Incydr is going to revolutionize your insider risk posture.

But don’t take our word for it, check out this explainer then trust yourself to make the right call.


If you’re reading this, you’re probably a Security Architect and (quite frankly) hats off to you.

You’re not only a strategic planner, you’re also the person who actually builds and executes the security strategy in the field.

That ain’t easy.

We’d love to preach the time-saving, cost-saving, personal benefits of Code42’s Incydr…but that’s not really what you need right now.

Maybe you’ve got a new security mandate, or you’ve identified a gap in your tech stack and need a solution to close it.

Either way, as you consider Incydr, you’re going to want to get into the nitty-gritty of how it actually works.

Because the only way you’ll know if it’s a fit is by looking under the hood.

So, let’s pop it.


Under the hood

An overview of Incydr fundamentals

Incydr is a SaaS, data risk detection and response product for managing Insider Risk.

Using a sophisticated endpoint agent and API integrations, it monitors file activity and intelligently detects data exposure events (like when data is moved, shared, or taken outside your perimeter).

With Incydr, security isn’t lumbered with defining what’s acceptable or unacceptable through policy—minimizing deployment time.

That’s because it monitors for any file moving activity then removes noise by filtering out data moved to trusted sources. This lets you prioritize users and file activity that need immediate attention.

This prioritization, combined with Insider Risk Indicators, ensure you only get the alerts you need.

Incydr sends file, vector, and user information on detected events to the Code42 cloud to power Incydr’s detection, investigation and response capabilities.

And because the analysis takes place in the cloud, the Incydr agent’s impact on user devices is miniscule

(we’re talking average specs like 0-5% CPU and 30-80MB memory).

It’s lightweight because we value productivity and because no one likes pushback during rollout.

We rolled out Incydr in two months. I don’t know anybody who’s able to do that with a company of 500 people.
— Dustin Fritz, 
Senior Security Architect at UserTesting

Before we get into exactly how it does this, feel free give your mouse a workout and click around for some more info on the different components.

This diagram shows the workflow and architecture of the product. It starts with the data collected by Incydr, moves into the key ways that data is analyzed and presented, and ends with Incydr’s response control mechanisms.

Prioritize & Alert
Investigate & Contain
Respond & Remediate

Endpoint + Media

The agent is configured to monitor files transferred via USB, browsers, Airdrop, applications, and more.

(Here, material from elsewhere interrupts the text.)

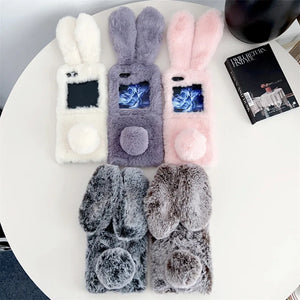 Plush Cute Rabbit Phone Case for Samsung Galaxy Z Flip 5 4 3 Protective Back Cover for ZFlip3 ZFlip4 ZFlip5 Case Shell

Incydr monitors files that are publicly shared or sent to external users.


Incydr monitors emails with attachments that are sent to untrusted email addresses.

Incydr Context Flows

Automatically ingest important context in order to to streamline Insider Risk Management workflows.

Identity IAM

Incydr integrates with Identity Access Management (IAM) to authenticate users and ingest contextual attributes.


Incydr integrates with HR platforms to streamline workflows around key milestones such as departure.

User PAM

Incydr integrates with Privileged Access Management (PAM) to get context that helps you better monitor privileged users.

Endpoint Agent

Incydr’s agent can be installed on Windows, Mac, and Linux desktops/laptops.

Cloud + Email Connectors

Incydr uses direct integrations to monitor corporate data systems like OneDrive, Google Drive, Box, Gmail, and Microsoft 365.

Open APIs & SDKs

Incydr’s open API, SDK, and CLI allow you to automate workflows and integrate into your existing tech stack.


Incydr sends file, vector, and user information on detected events to the Code42 cloud to power Incydr’s Insider Risk Management capabilities.

File Context

Incydr monitors all file activity and collects rich file metadata—allowing you to investigate any file exfiltration event.

Vector Context

Incydr covers vectors across laptops, email, cloud, and mobile to accurate pinpoint how files left and where they went.

User Context

Incydr ingests and correlates user attributes, milestones, and behavior to detect when data is at a higher likelihood of risk.


Incydr’s Trust and Prioritization Models ensure you know the difference between harmless file movement and actual data leak or theft.

Prioritize & Alert

Trust: Defined and Inferred Trust capabilities reduce noise by focusing only on data moving outside the perimeter of trusted devices and destinations.

IRIs: Incydr’s library of Insider Risk Indicators (IRI) are activities or characteristics that suggest data is at a higher likelihood of exposure.

Prioritization: Incydr uses IRIs to prioritize the users and activities that matter most, so you know what needs your immediate attention.


Incydr makes it easy to compile the evidence you need to take fast, informed action.

Forensic Search

Incydr’s powerful search interface allows you to quickly query all file, vector, and user metadata in seconds, even when devices are offline.

File Access

Incydr uses Risk Detection Lenses to provide a focused view of activity for a subset of users who are at higher likelihood of putting files at risk with authorized security team members viewing the file contents and activity so you can verify the accuracy of anything flagged as a risk.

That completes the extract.